The origin of the Sonobe module is unknown. Two possible creators are Toshie Takahama and Mitsunobu Sonobe, who published several books together and both members of Sosaku Origami Group 67. The earliest appearance of a Sonobe module was in a cube attributed to Mitsunobu Sonobe in a Sosaku Origami Group book published in 1968, however it does not reveal whether he invented the module or used an earlier design: the phrase "finished model by Mitsunobu Sonobe" is ambiguous. Its next appearance was "Toshie's Jewel", which appeared in 1974. However neither folder took advantage of the full potential of the module. This potential was discovered in the 1970s by other folders – particularly Steve Krimball, who created the 30-unit ball – as part of a sudden period of development in modular origami. Despite the module's importance and continued popularity, its designer remains uncertain.

The unit
 

Each individual unit is folded from a square sheet of paper, of which only one face is visible in the finished module; many ornamented variants of the plain Sonobe unit that expose both sides of the paper have been designed.

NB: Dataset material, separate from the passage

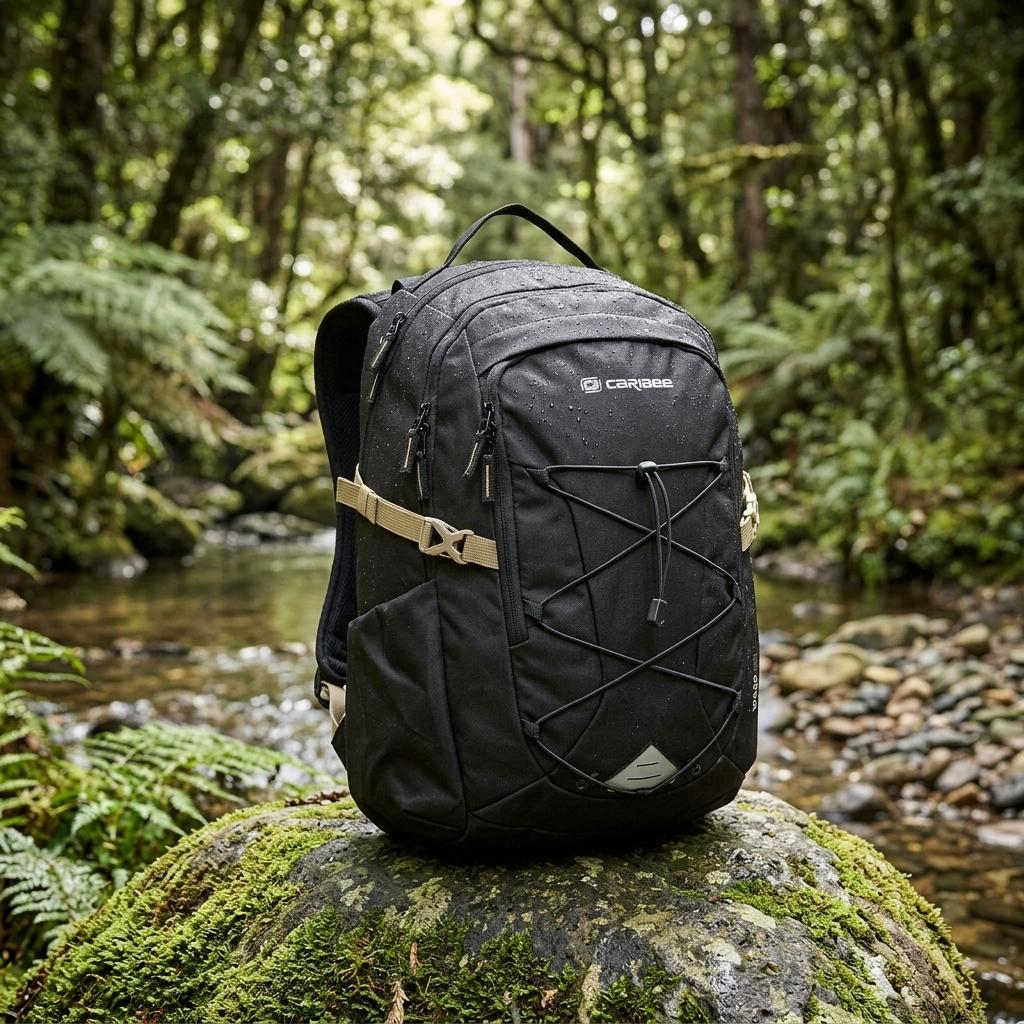 Caribee Wasp Backpack - 30L - Black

The Sonobe unit has the shape of a parallelogram with 45 and 135 degrees angles, divided by creases into two diagonal tabs at the ends and two corresponding pockets within the inscribed center square. The system can build a wide range of three-dimensional geometric forms by docking these tabs into the pockets of adjacent units. Three interconnected Sonobe units will form an open-bottomed triangular pyramid with an equilateral triangle for the open bottom, and isosceles right triangles as the other three faces. It will have a right-angle apex (equivalent to the corner of a cube) and three tab/pocket flaps protruding from the base. This particularly suits polyhedra that have equilateral triangular faces: Sonobe modules can replace each notional edge of the original deltahedron by the central diagonal fold of one unit and each equilateral triangle with a right-angle pyramid consisting of one half each of three units, without dangling flaps. The pyramids can be made to point inwards; assembly is more difficult but some cases of encroaching can be obviously prevented.

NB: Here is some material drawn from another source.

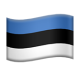 Flag: Estonia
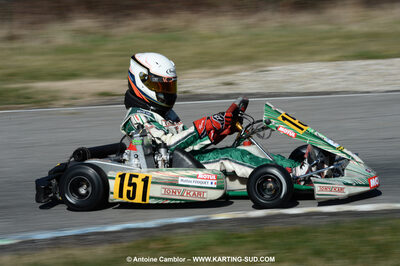 02/03/2014 : Trophée Vincent Sanchez à Lavelanet (Photos Antoine Camblor) 2014 — karting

The simplest shape made of these pyramids, often called "Toshie's Jewel" (shown on the right), is named after origami enthusiast Toshie Takahama. It is a three-unit hexahedron built around the notional scaffold of a flat equilateral triangle (two "faces", three edges); the protruding tab/pocket flaps are simply reconnected on the underside, resulting in two triangular pyramids joined at the base, a triangular bipyramid.

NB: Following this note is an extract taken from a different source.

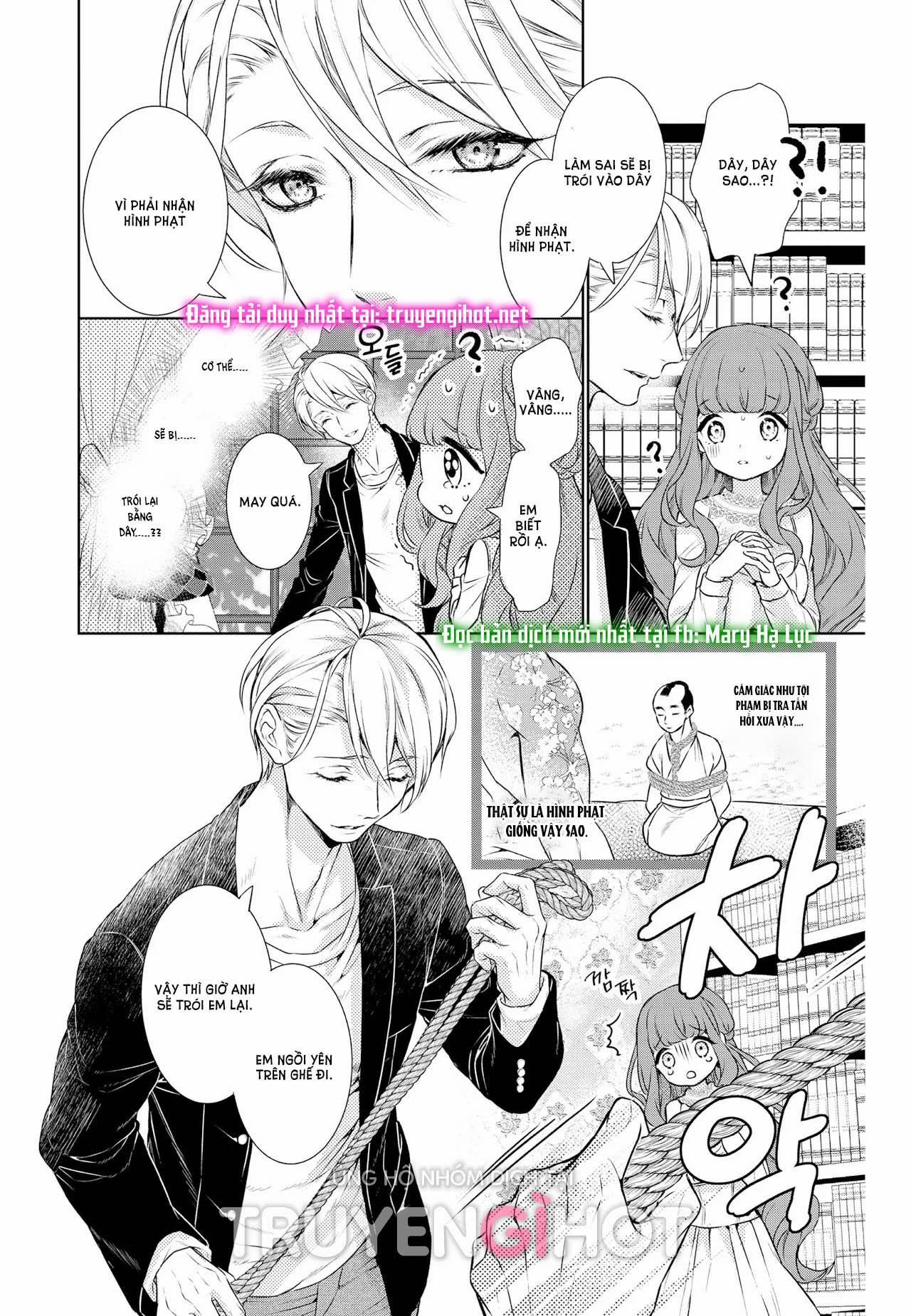 [18+] Quý Cô Thích Bị Trừng Phạt 3.1 trang 10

The most popular intermediate model is the triakis icosahedron, shown below.  It requires 30 units to build.

Models made with a Sonobe unit
 

The table below shows the correlation between three basic characteristics – faces, edges, and vertices – of polygons (composed of Toshie's Jewel sub-units) of varying size and the number of Sonobe units used:

The model made of three units results in a triangular bipyramid. Building a pyramid on each face of a regular tetrahedron, using six units, results in a cube (the central fold of each module lays flat, creating square faces instead of isosceles right triangular faces, and changing the formula for the number of faces, edges, and vertices), or triakis tetrahedron. Building a pyramid on each face of a regular octahedron, using twelve Sonobe units, results in a triakis octahedron. Building a pyramid on each face of a regular icosahedron requires 30 units, and results in a triakis icosahedron.

Uniform polyhedra can be adapted to Sonobe modules by replacing non-triangular faces with pyramids having equilateral faces; for example by adding pentagonal pyramids pointing inwards to the faces of a dodecahedron a 90-module ball can be obtained.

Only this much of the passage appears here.